Zulip Chat Archive

Stream: lean4

Topic: doc-gen4 search slowness


Sebastian Ullrich (Jul 20 2023 at 14:42):

It will suggest docs#Lean.Meta.MetaM.toIO if you wait long enough, which perhaps could be accelerated by not downloading (and more importantly parsing?) the same big file four times :) /cc @Henrik Böving
image.png

Henrik Böving (Jul 20 2023 at 14:48):

Well the download is cached after the first time (as the timing diagram on the rhs shows you dont actually wait), I guess one could try to clean up the HTML to fix that tho. Regarding the parsing iirc the DeclarationDataCenter in the js is a singleton so it should also not be parsed several times. I've tried to take a look at the Firefox flame graph before (they have an integrated thing) but I dont usually frontend dev so it was rather unclear to me what the thing was actually spending time on.

Henrik Böving (Jul 20 2023 at 14:49):

I'll check whether the declaration data gets parsed multiple times later just to be sure. That said if someone can tell me how professionals :tm: figure out what is slow in such static pages I'd be very grateful^^, its been bothering me for a while as well.

Sebastian Ullrich (Jul 20 2023 at 15:01):

No professionals in this room, but it seems to be very busy with parsing JS, perhaps the response result (four times, maybe?)?

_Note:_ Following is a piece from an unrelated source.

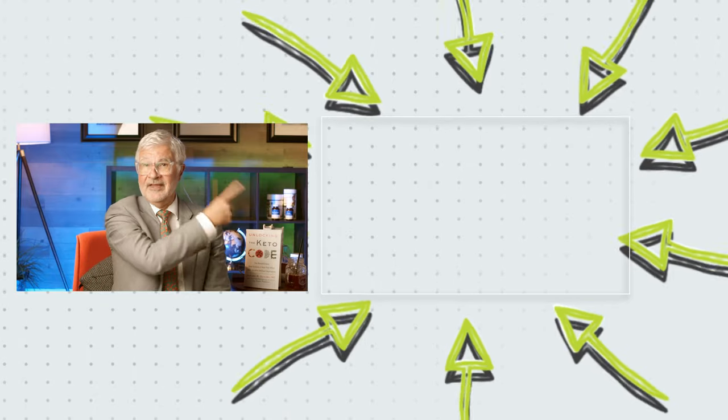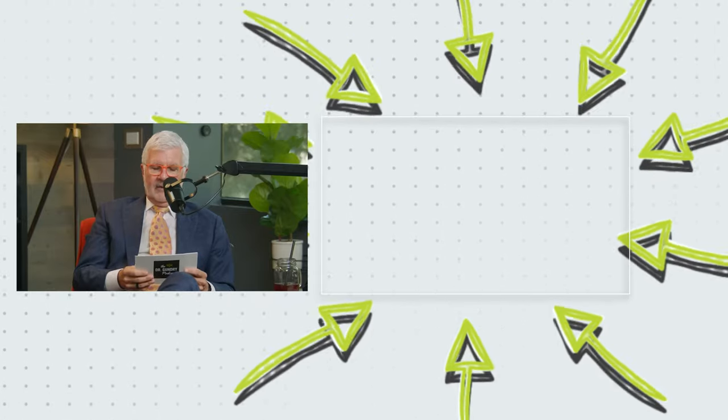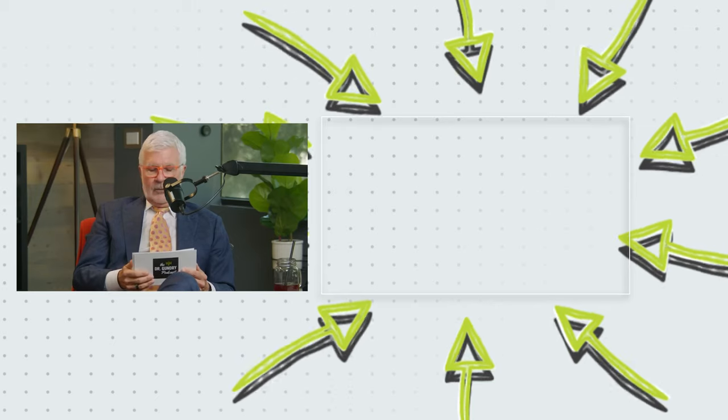If you found this video helpful, I think you're going to love this next one. There are plenty of people out there who love their morning smoothies — but sorry folks, smoothies are just not healthy and they are not going to help with bloating.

The solid blue part later on is cacheDeclarationData
image.png

Henrik Böving (Jul 20 2023 at 15:25):

Oh well thats pretty cool then, I'll check out the parsing issue when I'm home. That said it will at best be a linear speedup and since I expect mathlib to keep growing quite a bit we probably need a better solution sooner or later. I'd be very interested in how rust does this type of stuff if someone knows. The only thing I know about rustdoc is that unlike doc-gen it does not do things like rendering the instance lists on demand but instead its basically a big rust to HTML compiler. Doc-gen used to be like this but I decided to split it up into a per file tool later on so that it could profit from the lake dependency graph and inherent parallelism more. And then in the end a final doc-gen command will accumulate all of the json files into a single big one. I guess an optimization one could do here is to only have the decl name -> module mapping in the accumulated file and load only the module specific full declaration data for the module that is getting vievwed right now. That should severly cut the size of the accumulated file

Henrik Böving (Jul 20 2023 at 19:35):

Sebastian Ullrich said:

No professionals in this room, but it seems to be very busy with parsing JS, perhaps the response result (four times, maybe?)? The solid blue part later on is cacheDeclarationData
image.png

Okay I have an update! It seems that in fact the singleton implementation is not working for some reason, so now to figure out how to properly :tm: do a singleton in JS

Henrik Böving (Jul 20 2023 at 20:45):

I have updates! The declaration singleton does in fact work, however all of the files start their null check in parallel and will notice that it is in fact null and then start their HTTP request and will finally all set the singleton in parallel once their request is done and all of them have parsed the file. So if you do this: https://github.com/leanprover/doc-gen4/commit/5ce54e8e10ffe4c2c91766275f4a0d93aabd65dc it actually works

Sebastian Ullrich (Jul 20 2023 at 20:47):

Nice. Awaiting the finished request is probably cheap enough that the first singleton isn't necessary anymore? And yes, I'm just guessing here from exactly zero experience with async JS...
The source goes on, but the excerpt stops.